Eu quero acreditar
que funciona. Casamento, parcerias, envolvimento, intimidade. Mesmo tendo em
mente que absolutamente todos os relacionamentos da minha vida são
disfuncionais, de alguma maneira. E que não é preciso pensar muito para chegar
à conclusão de que eu sou o denominador em comum entre eles. Alguns eu desequilibrei
pela falta, outros pelo excesso. Há ainda os que nunca conheceram a luz do dia por
insegurança de ambas as partes. Por pensar demais em toda a estrada adiante de
nós, e nos assustarmos em tentar dar sequer o primeiro passo. Acontece. Quando
tudo desmorona e todas me abandonam, independente do que ocasionou o
deslocamento, eu ainda continuo aqui. Perdidamente apaixonado pela ideia de
que, apesar de todos os pesares, é algo que funciona.
Agora, não me peça para argumentar e tentar convencê-la disso. É
uma escolha. Algo que se dispõe perante mim a cada novo desastre que vem, vê e
me vence. Eu estou cansado. Quebrado. Ridiculamente perdido. Mas quero
acreditar que funciona, e é o suficiente para mim. Se não for o bastante para
você, fique longe de mim. Estou recuperando minhas razões para acreditar e
preciso de fidelidade, não pagãos. Amor existe.
***
Era um domingo. Acordamos cedo, mas levantamos tarde. Passamos um
bom tempo na cama, envolvidos nos lençóis, na preguiça, e em nós mesmos. Na
vida que estávamos começando a construir juntos. Até o dia anterior, já
havíamos passado por todos os estágios que levam à tão sonhada estabilidade
emocional em um relacionamento – as definições de status, as reuniões em família,
as declarações de amor. As implicâncias sobre com quem andar e para onde ir, as
descobertas sobre quais temperos eu poderia usar ou não na comida, e os
costumes aos quais ela se dispôs a lidar para ficar comigo. As mudanças de
humor dela e, convenhamos, as minhas também. E por fim, as mãos dadas no
shopping.
Caso esta não seja a sua primeira vez no meu mundo, você sabe do
que estou falando. Pra quem chegou agora, permita-me explicar mais uma vez. Até
porque, tem gente que não entendeu na primeira
vez, interpretou errado e pegou ódio de mim pelo resto da vida. Faz parte.

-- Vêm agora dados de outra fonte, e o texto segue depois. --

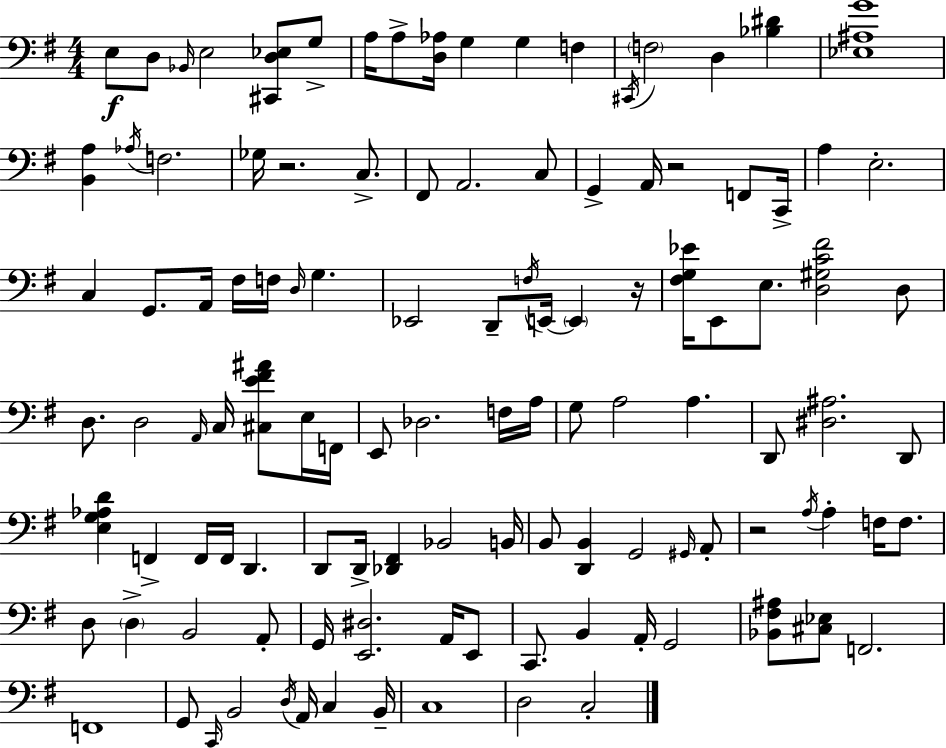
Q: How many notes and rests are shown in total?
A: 114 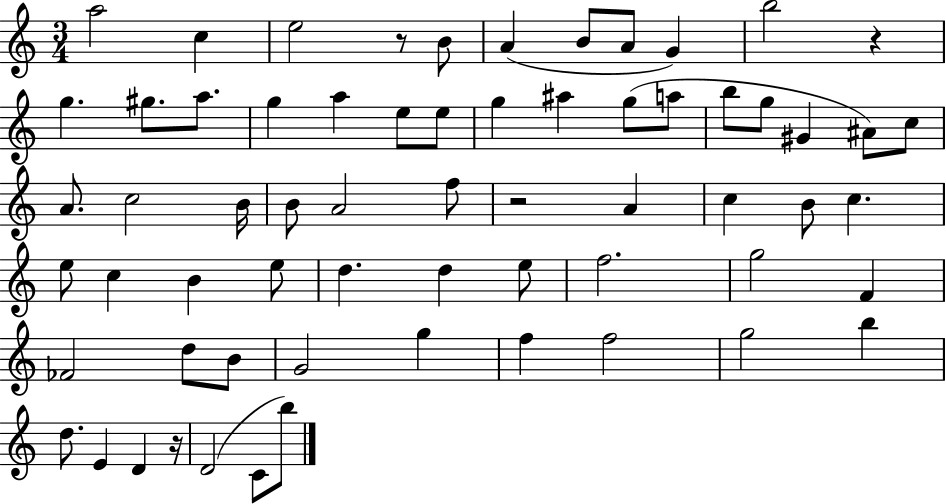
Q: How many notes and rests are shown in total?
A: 64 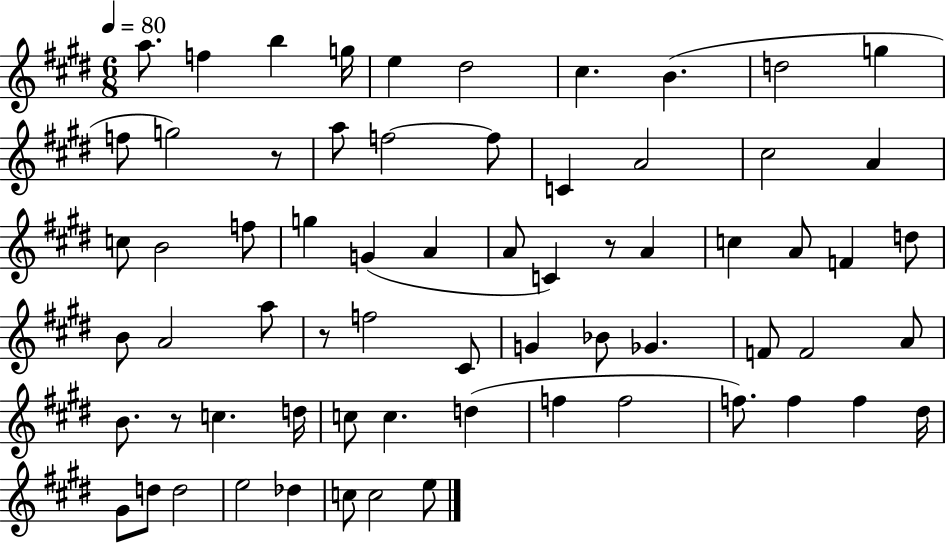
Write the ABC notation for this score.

X:1
T:Untitled
M:6/8
L:1/4
K:E
a/2 f b g/4 e ^d2 ^c B d2 g f/2 g2 z/2 a/2 f2 f/2 C A2 ^c2 A c/2 B2 f/2 g G A A/2 C z/2 A c A/2 F d/2 B/2 A2 a/2 z/2 f2 ^C/2 G _B/2 _G F/2 F2 A/2 B/2 z/2 c d/4 c/2 c d f f2 f/2 f f ^d/4 ^G/2 d/2 d2 e2 _d c/2 c2 e/2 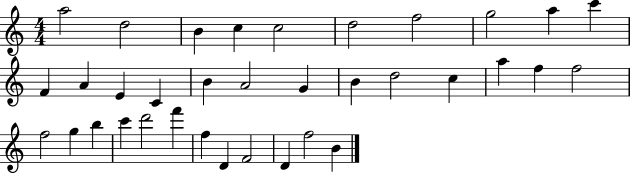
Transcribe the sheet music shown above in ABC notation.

X:1
T:Untitled
M:4/4
L:1/4
K:C
a2 d2 B c c2 d2 f2 g2 a c' F A E C B A2 G B d2 c a f f2 f2 g b c' d'2 f' f D F2 D f2 B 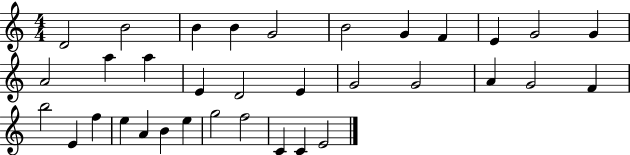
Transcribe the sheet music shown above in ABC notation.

X:1
T:Untitled
M:4/4
L:1/4
K:C
D2 B2 B B G2 B2 G F E G2 G A2 a a E D2 E G2 G2 A G2 F b2 E f e A B e g2 f2 C C E2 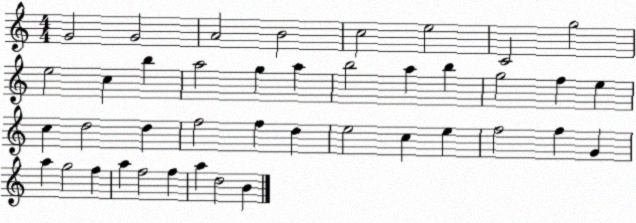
X:1
T:Untitled
M:4/4
L:1/4
K:C
G2 G2 A2 B2 c2 e2 C2 g2 e2 c b a2 g a b2 a b g2 f e c d2 d f2 f d e2 c e f2 f G a g2 f a f2 f a d2 B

É por isso, crianças, que interpretação de texto é importante. Dominar figuras
de linguagem também. Se souber o que quer dizer e como manobrar as palavras
para fugir dos clichês, meus parabéns. Você venceu na vida. Literariamente, ao
menos.
É uma metáfora. As mãos dadas representam o compromisso, o relacionamento,
a aliança. O shopping é a sociedade. Você pode ter seus encontros aqui e ali –
tomar um café naquele lugar bacana no centro da cidade, ou simplesmente se deixar
levar no escuro da balada – mas a partir do momento em que estão andando de
mãos dadas no shopping, não adianta mais disfarçar as evidências. É o atestado
de mudança do estado civil, embora esse ainda não seja válido num tribunal. A
mensagem é simples – entre todas as pessoas, os esquemas, os “remembers” e as ligações para ex às
quatro da manhã, você a escolheu. Aquela pessoa é a sua pessoa agora. Para
amar e cuidar, honrar e respeitar, enquanto discutem sobre qual é o conjunto de
roupa de cama mais bonito da loja de departamentos, até que a validação do
estacionamento os separe. É a parte mais clichê, cansativa e cro-magnon de um
relacionamento. E era o meu sonho.
A tragédia embutida em qualquer sonho, no entanto, está sempre na
sua realização. E eu tenho todo o direito de criar minhas próprias teorias
sobre o amor, o mundo e as pessoas, com base nas minhas experiências.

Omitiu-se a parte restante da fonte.